[Data excerpts]
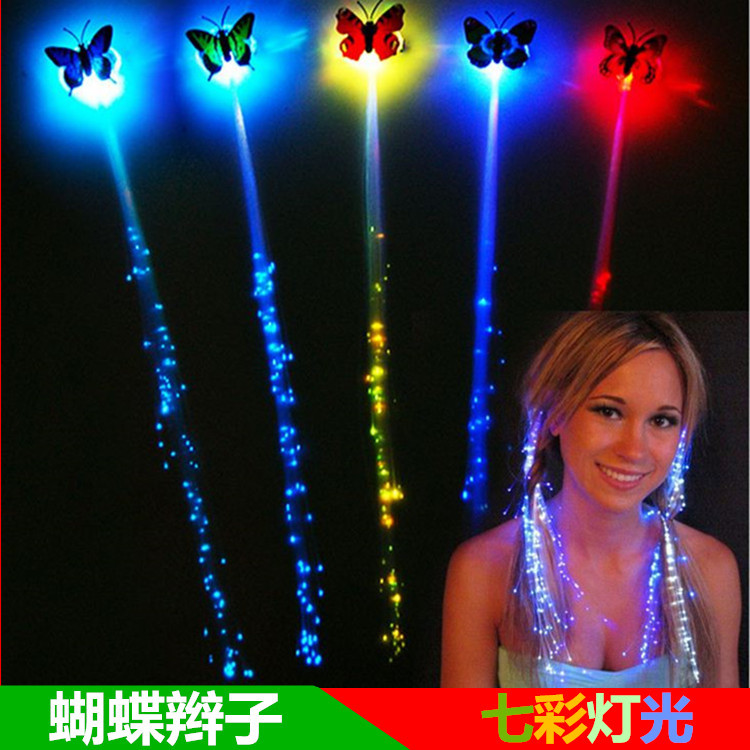 Led Shining Braid Wig Evening Party Atmosphere Cheering Props Fiber Optic Hair Colorful Butterfly Shining Braid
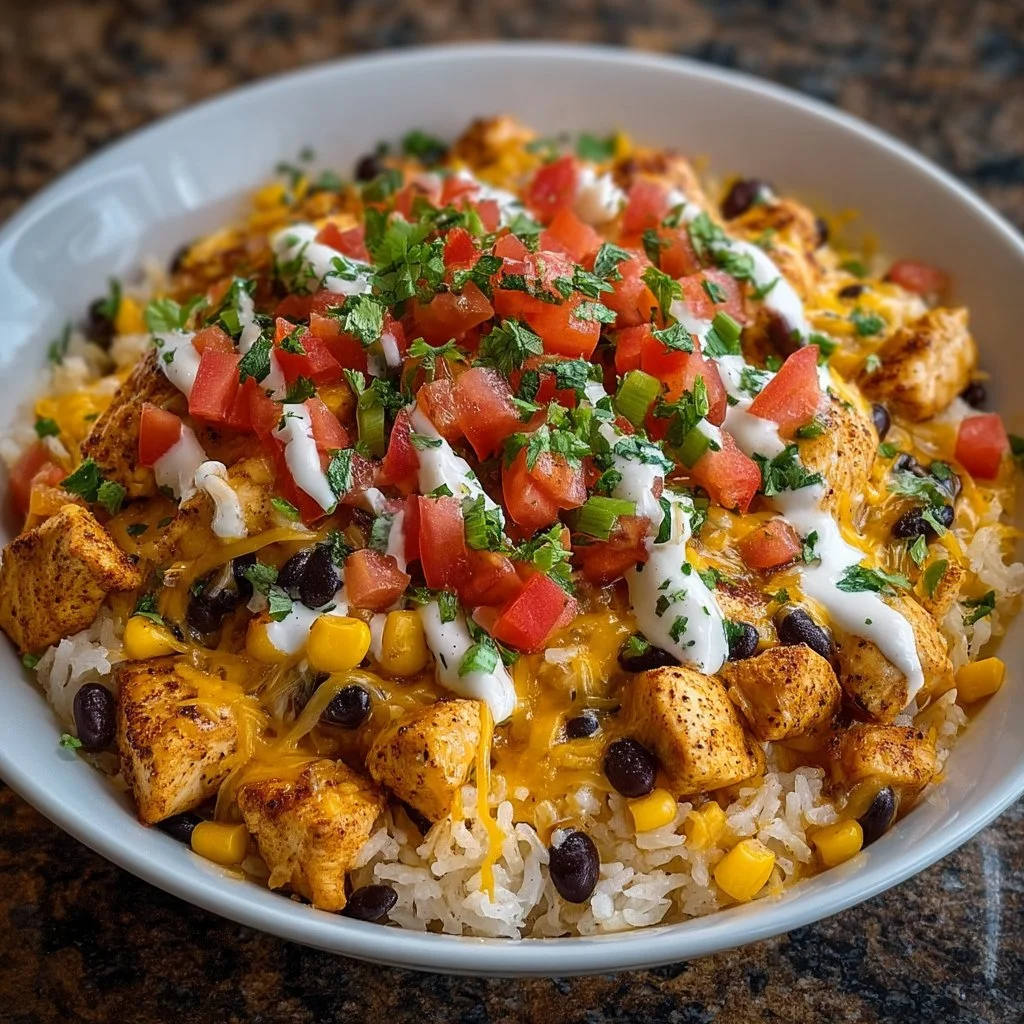 One-Pot Cheesy Southwest Chicken & Rice in a skillet garnished with fresh herbs.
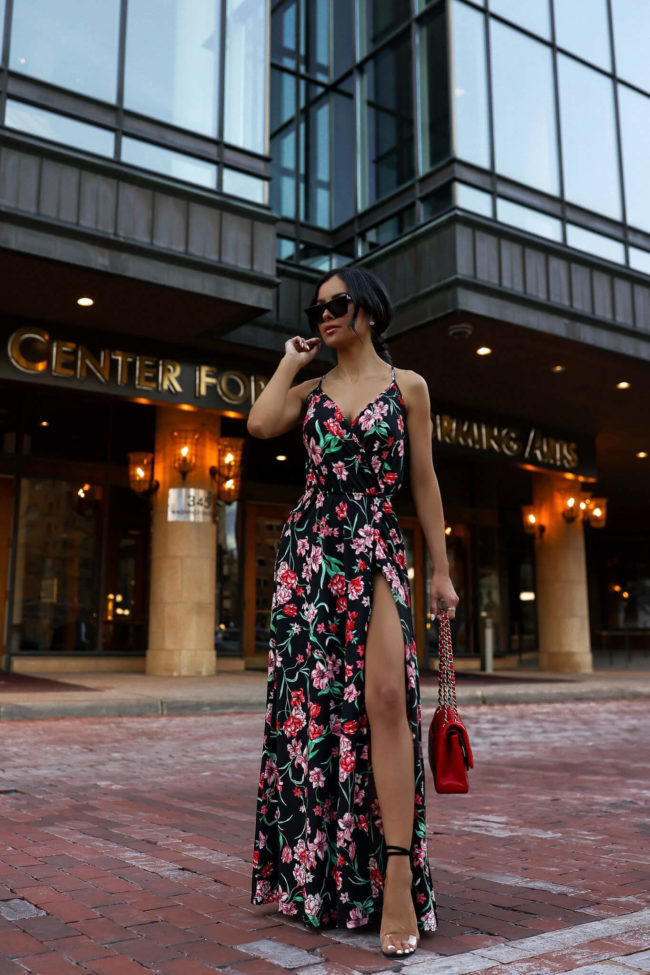 fashion blogger mia mia mine wearing an affordable floral dress from walmart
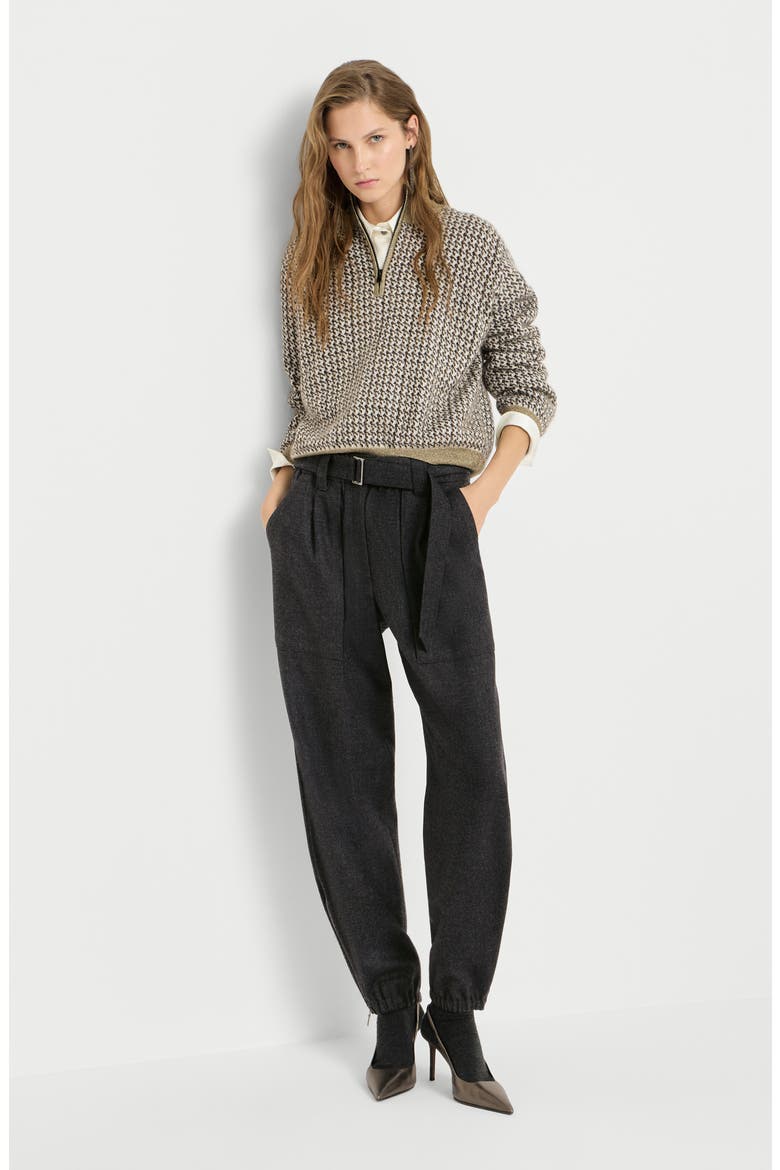 Virgin wool and cashmere twill flannel loose cargo trousers with monili, Alternate, color, Anthracite
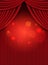 Background with red curtain. Design for presentation, concert, show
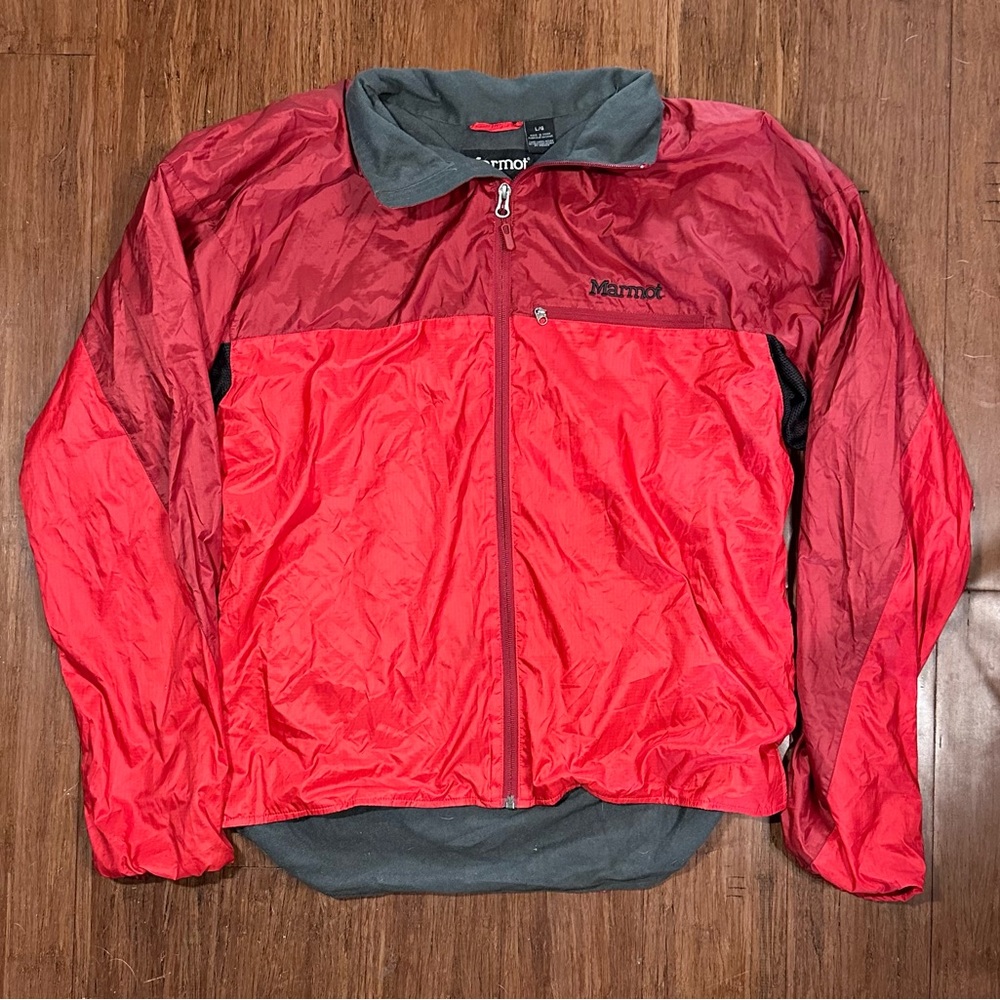 Marmot Men's Fleece Lined Red Windbreaker/ Running Jacket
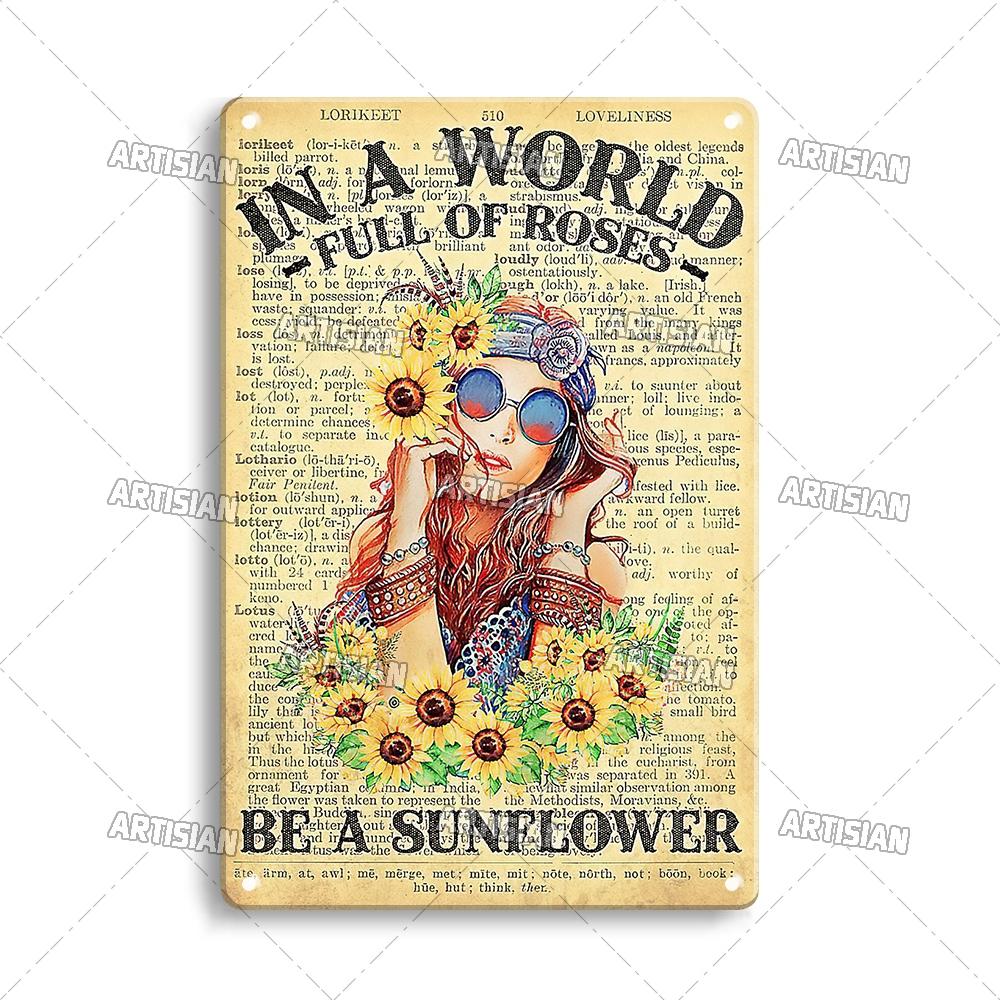 Artisian Gypsy Metal Plate Hippie Tin Plaque GIRL SUNFLOWER Decorative Sign Wall Decor Garage Bar Pub Club Hotel Kitchen Home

Directions for this task
Leave out all pictures and retype precisely the lines that run from the line containing "Marmot Men's Fleece" to the last line of the records.

Answer box
 Marmot Men's Fleece Lined Red Windbreaker/ Running Jacket
 Artisian Gypsy Metal Plate Hippie Tin Plaque GIRL SUNFLOWER Decorative Sign Wall Decor Garage Bar Pub Club Hotel Kitchen Home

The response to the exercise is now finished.